Inspired by the experience of my immigrant parents, this semester I completed an internship at Hernandez Immigration Law (HIL) in Downtown Walla Walla. Understanding the weight of the work I would be handling, I anticipated very high expectations from my supervisors. Although this was still true, I was lucky that HIL offered a unique experience that allowed me to easily immerse myself within the law office. Wendy Hernandez, HIL’s head attorney, organized a passionate team of individuals that have personal experience with the immigration process and/or are locals familiar with the experiences of Walla Walla’s immigrants. Knowing this, clients feel more comfortable and confident about the assistance they receive at HIL throughout the rigorous process. By being part of this team I, too, found a sense of comfort and pride in knowing that we were offering the highest quality of work that we could. Another notable aspect was the office culture. Wendy explained that she wanted the office to be a learning space for both interns and her team of paralegals.
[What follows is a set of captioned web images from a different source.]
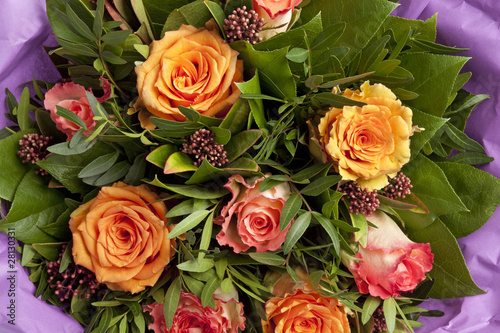 Bouquet of pink and orange roses full frame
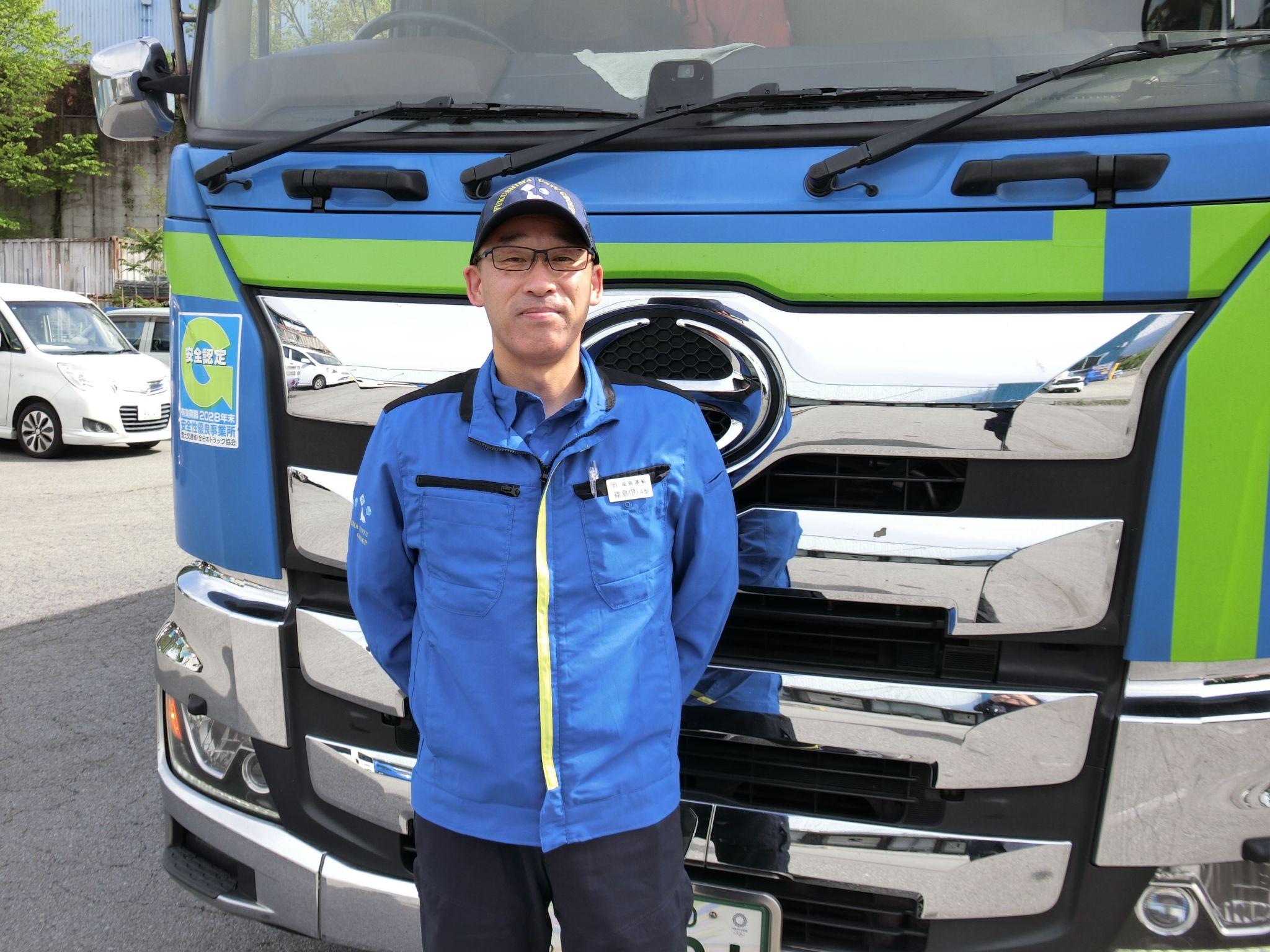 新しいユニホームを着る福島社長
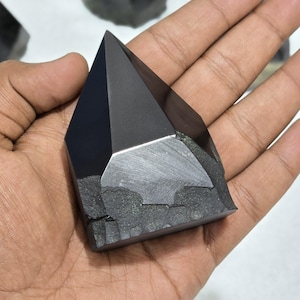 May include: A black obsidian crystal point with a polished, faceted top and a rough base. The crystal is held in a hand, highlighting its dark, reflective surface. Other similar crystals are visible in the background.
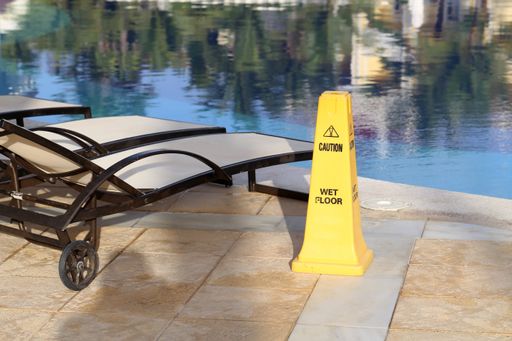 A yellow "Caution, wet floor" sign near a pool under the sunlight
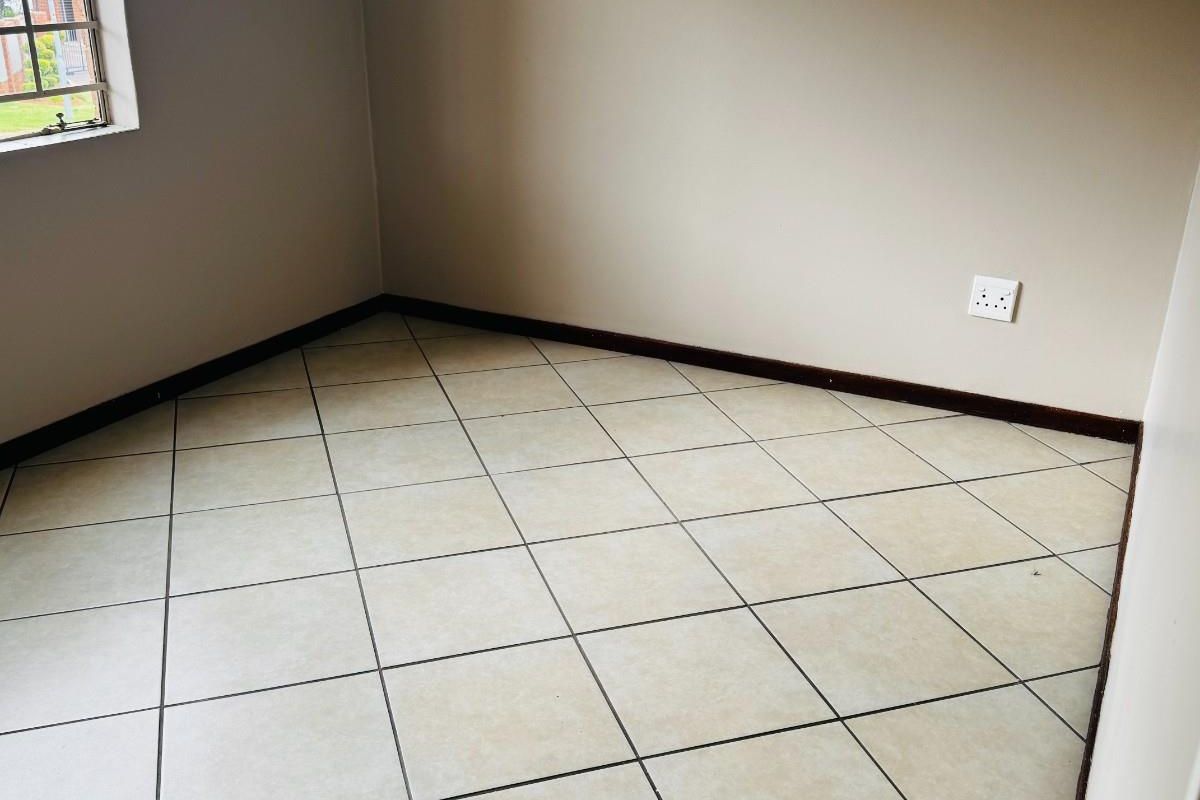 An empty bedroom featuring neutral wall paint, tiled flooring, and a window with security bars.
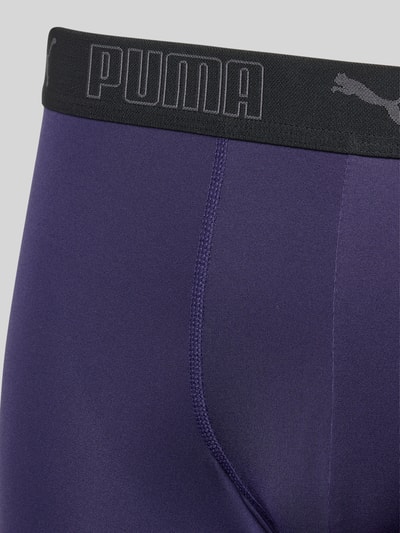Männermodel trägt Slim Fit Trunk mit Logo-Stitching von PUMA in Lila, elastischer Bund, glatte Oberfläche, Nahaufnahme Oberkörper.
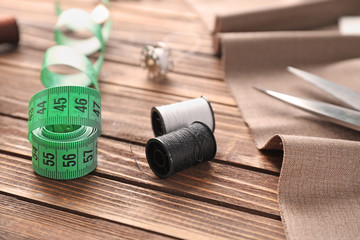 Fabric and sewing accessories on wooden background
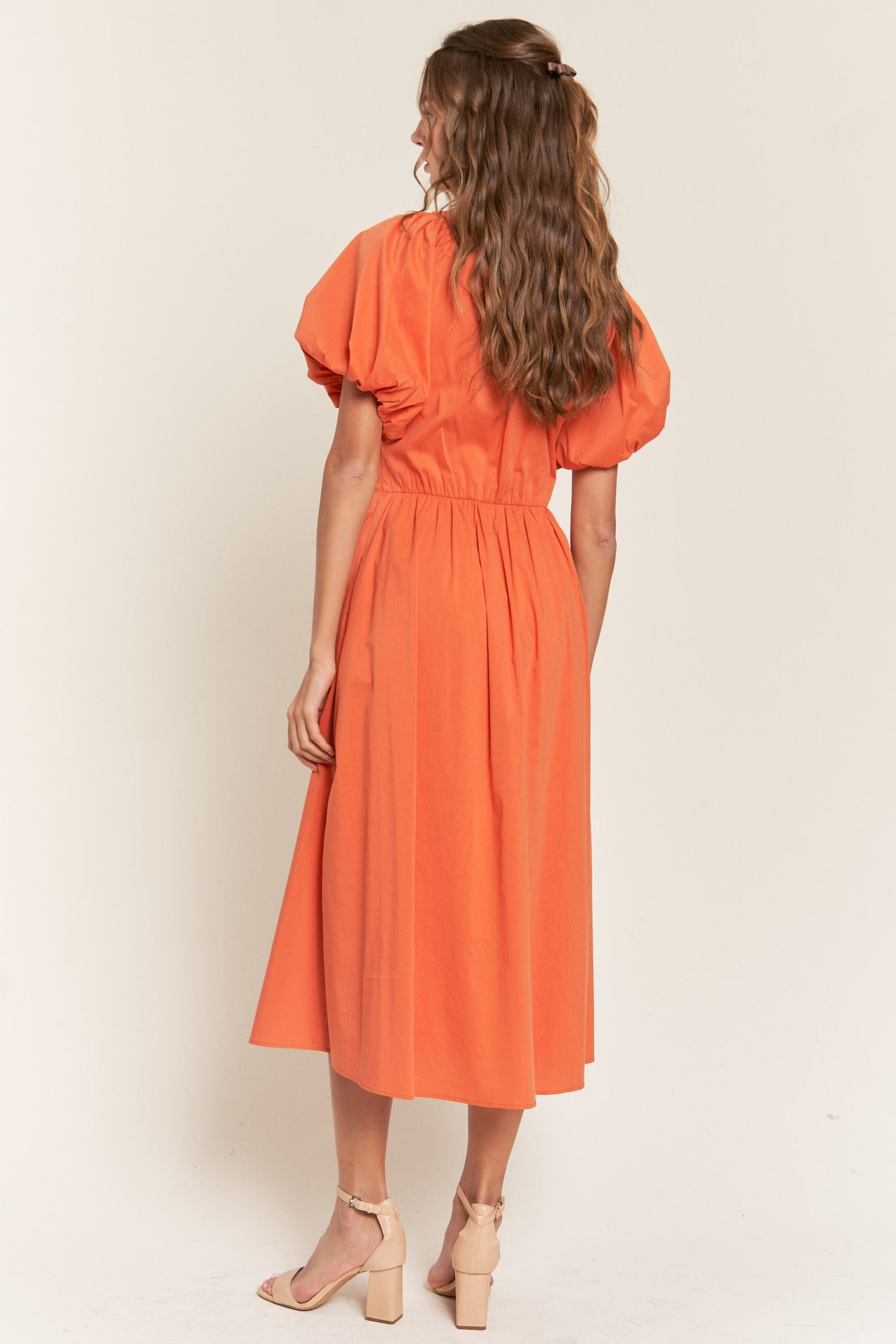 woman wearing an orange puff sleeve midi dress with a cinched waist and back pleats, shown from the back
In order to promote an interactive culture, the office is maintained in an open space. Other than the private rooms used to discuss a client’s case during a consultation, there are no cubicles or separate offices that divide the paralegals or Wendy. Because of this, I was able to freely ask questions about the firm’s practices and explore different types of cases.
Since Walla Walla has a large Hispanic immigrant population, I found comfort in being exposed to Spanish-speaking clients that reminded me of home back in LA. However, I realized that I had never heard Spanish in such sad and frightened tones. Starting this internship I was excited to work with a team that made a positive impact in the lives of marginalized groups, but the reality of the difficulties for immigrants to gain legal status became apparent quickly. As I began to understand immigration policy, I found that it is not uncommon to receive clients that are ineligible to apply for legal status. This is usually because clients might have been charged with a misdemeanor or might have already been detained by immigration prior to filing their case. If eligible, the process is long and highly demanding which sometimes dissuades clients from completing it. Part of the application requires proper documentation that proves presence in the US for specific dates that the applicant must scramble to look for. Although there are application waivers that could help ease some of the financial burden of the process, there are still some clients that cannot afford to pay the attorney or at least delay the process further while they save up that money.
Delving into these cases can be emotionally draining; however I continue to appreciate the work that is being done by HIL. By starting her own law firm in Walla Walla, Wendy has made it more accessible for local immigrants to receive help. In order to minimize the burdens of applying, Wendy does her best to be flexible with fees through payment plans. HIL goes out of its way to maximize the amount of immigrants receiving legal status. I am humbled by the HIL team that continues offering a sense of security in the lives of those who already come from backgrounds fraught with adversity. Although the recent election of Donald Trump further complicates immigration policy, the realities of immigrants remain difficult. Therefore, I look forward to continuing my work at HIL in seeking new ways to assist US immigrants.